Embarqués dans la vision autant politique qu’intime de vies
indissociables de la destinée des pays qui les ont façonnées, on
assiste à une sorte de ballet envoûtant, orchestré au quart de poil,
avec une fluidité sans pareille. Rien n’est gratuit ici, rien n’est de
trop, pas une seconde d’ennui ou d’indifférence et les acteurs de ce
mélodrame moderne sont tous plus justes, plus pertinents, plus
attachants les uns que les autres,
Jamais ces personnages ne se trouveront tous ensemble,
extraordinairement impliqués les uns dans la vie des autres sans
savoir, le plus souvent, jusqu’à quel point chacun compte pour l’autre.
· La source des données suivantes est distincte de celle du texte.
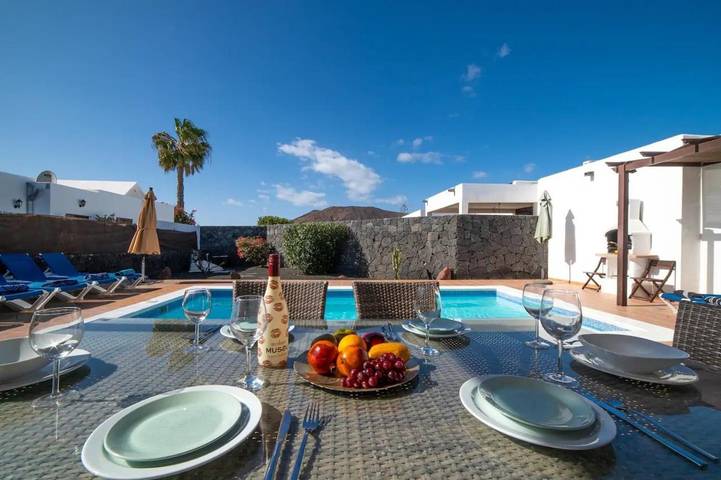 Chalet para 8 personas, con jardín además de piscina y vistas - 1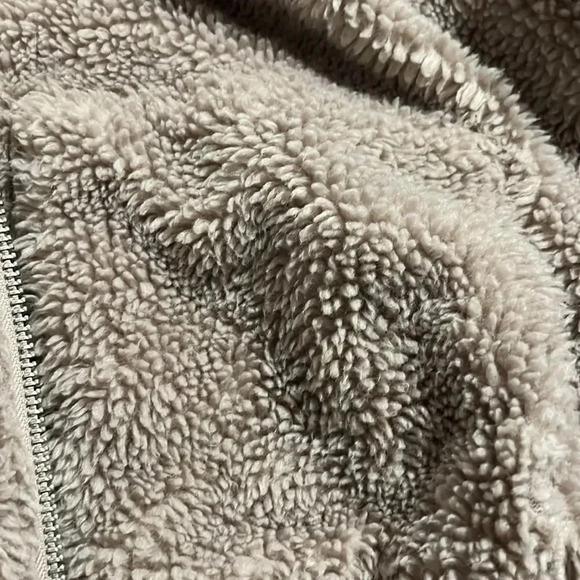 Urban Outfitters Cropped Teddy Bear Jacket Sz L - Picture 15 of 16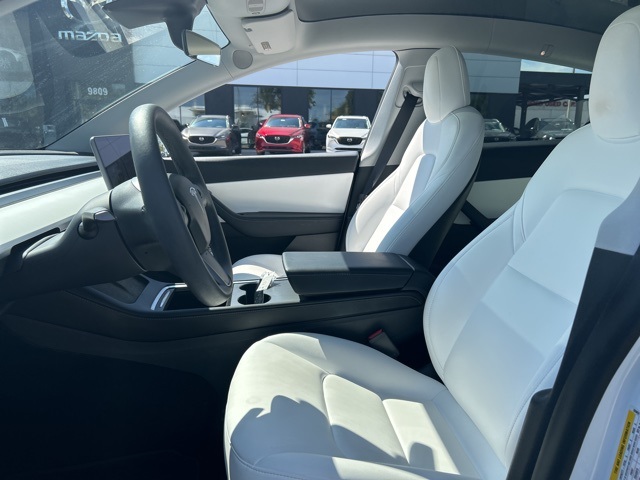 Used 2021 Tesla Model Y Long Range with VIN 5YJYGDEE8MF285855 for sale in Tampa, FL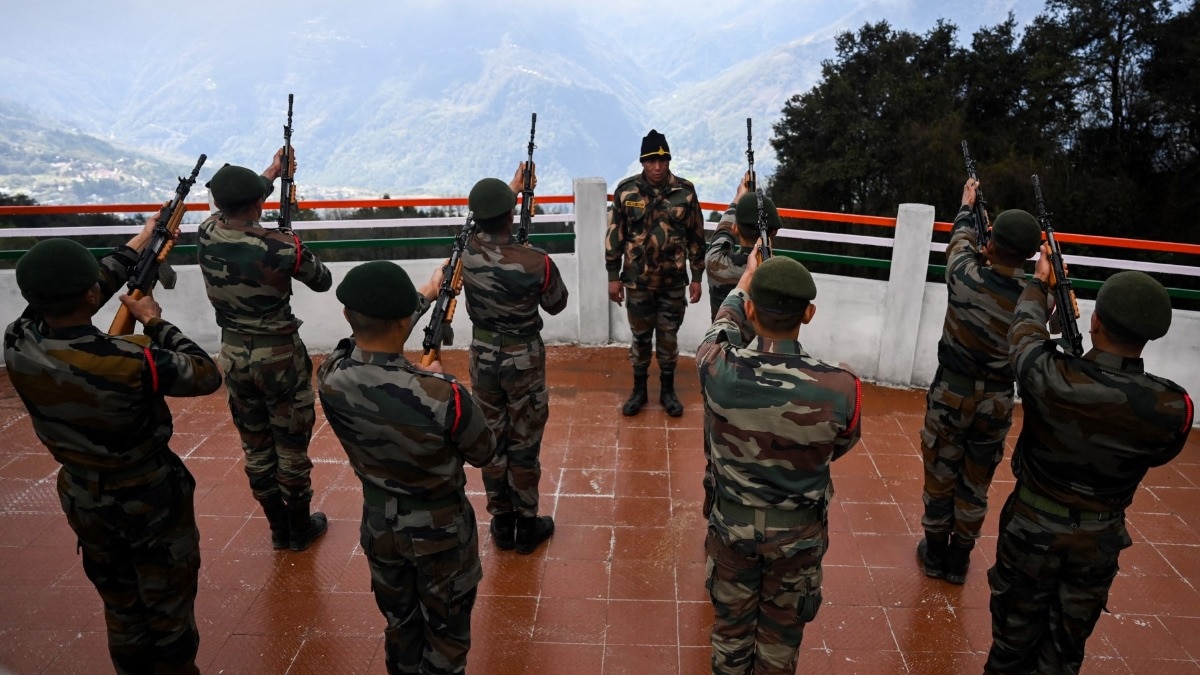भारत में नकली खबरों का प्रसार, चीन-पाकिस्तान की साइबर रणनीति का संदेह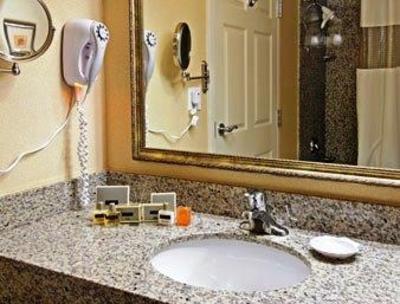 фото отеля Wingate Inn Lynn Haven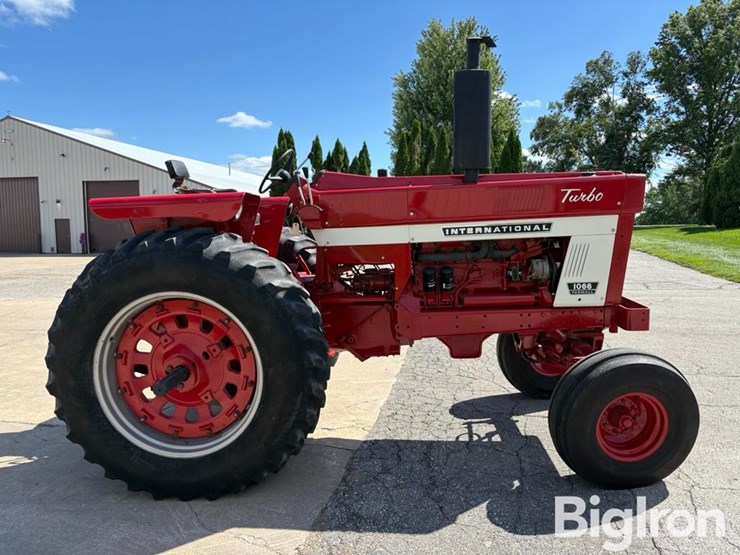 1972-international-1066-image-4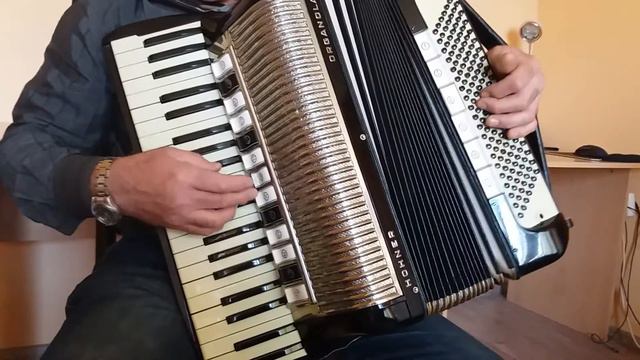 Accordion Hohner Organola 140 Bass Akkordeon Fisarmonica Italian Reeds + Case (2) смотреть онлайн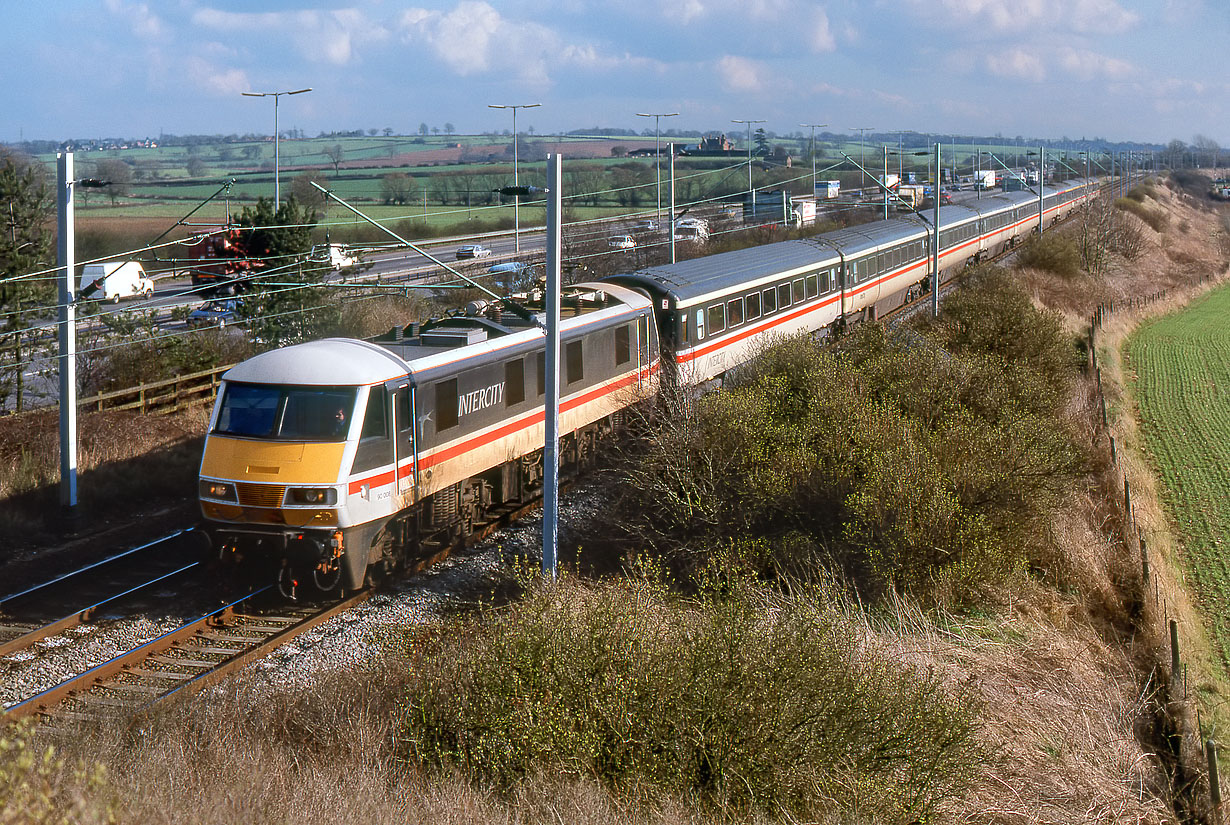 90008 Watford Gap 17 March 1989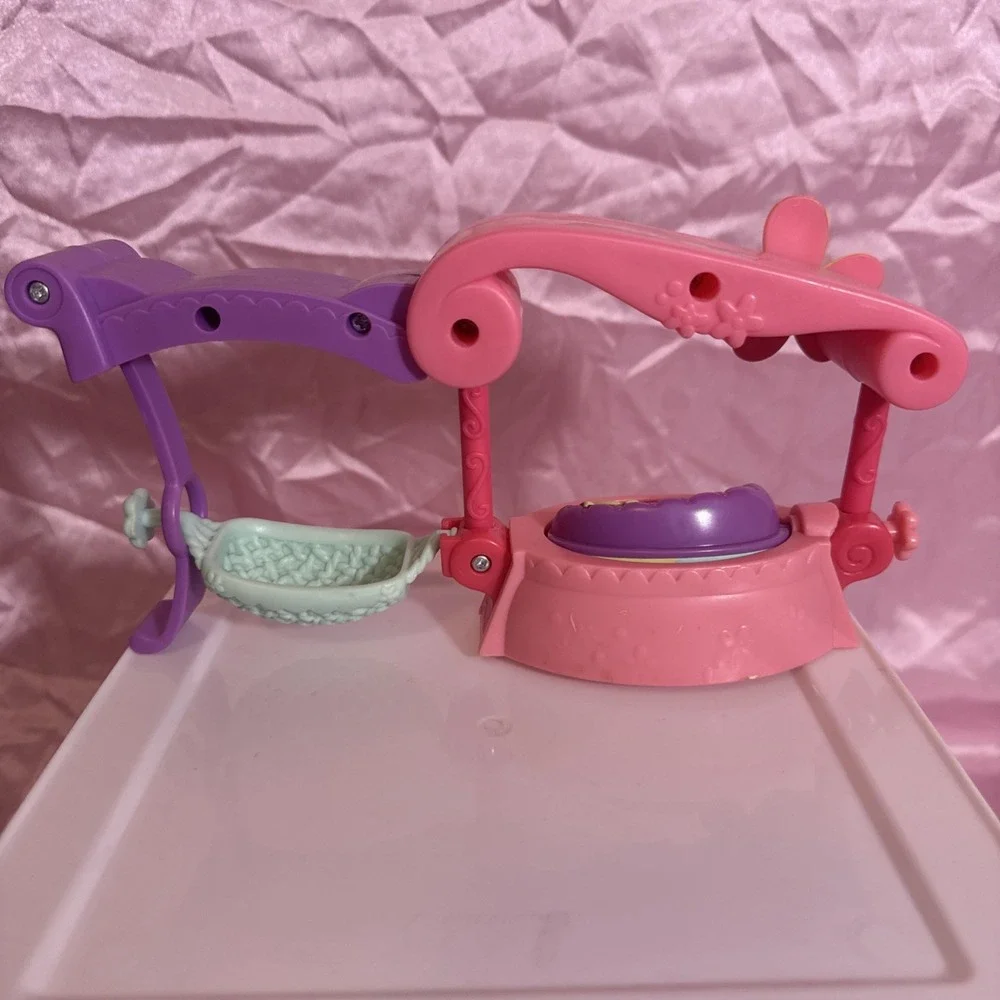 Hasbro LPS Littlest Pet Shop Fancy Friends Flip Bed Playset Accessory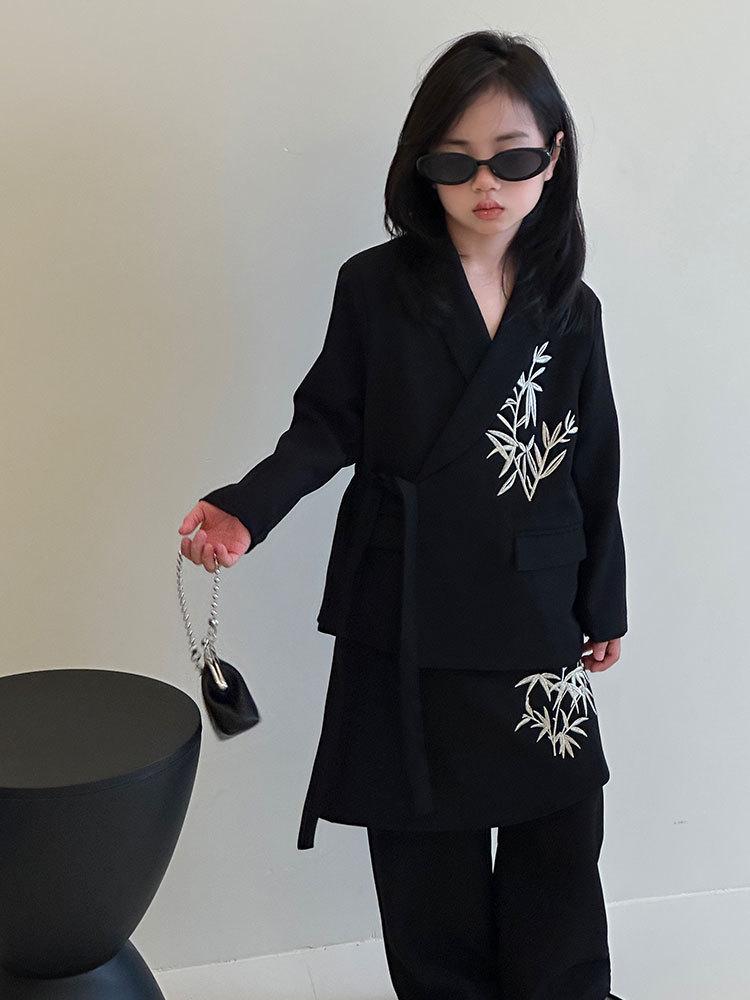 2025 Autumn Girls' Bamboo Leaf Embroidered Suit Dress - New Chinese Style
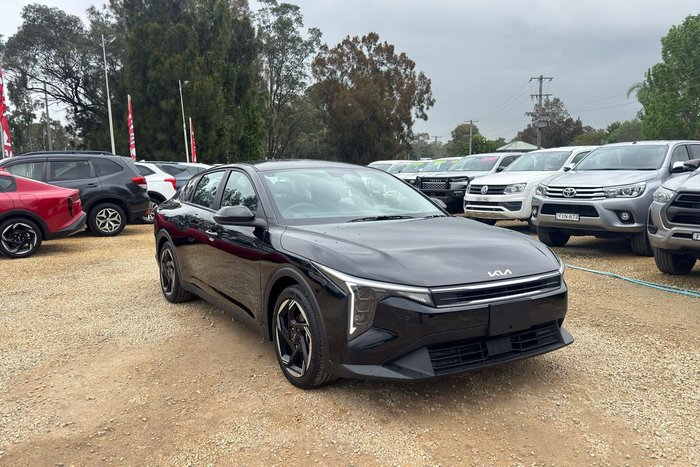 2025 Kia K4 Sport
Pourtant l’amour circule, les liens sont forts, même invisibles, même
tus. « Ce n’est pas seulement une impressionnante galerie de portraits
humains confrontés à la mort dont Fatih Akin restitue la fresque
palpitante, c’est aussi le dialogue douloureux et malade entre Turquie
et Allemagne, deux pays liés par les larmes de l’exil et le sang des
cercueils, qu’il restitue » écrivait Olivier Séguret au moment de la
présentation du film à Cannes où il a remporté le prix du Meilleur
scénario et le prix du Jury œcuménique. Confrontés à la mort,
confrontés à l’amour, confrontés à tout ce qui fait la vie, à ce qui
fait notre monde présent, ils sont tous, vulnérables, sensibles et
superbes dans ce film qui mêle l’universel au particulier et sollicite
l’intelligence autant que l’émotion, dans un dosage subtil qui nous
place toujours à la bonne distance:« J’ai tenté de réaliser ce film en prenant du recul… Mais parfois ce
n’est pas l’intellect qui décide. J’imagine qu’il s’agit d’une part de
moi beaucoup plus irrationnelle, qui vient du cœur » dit Fatih Akin.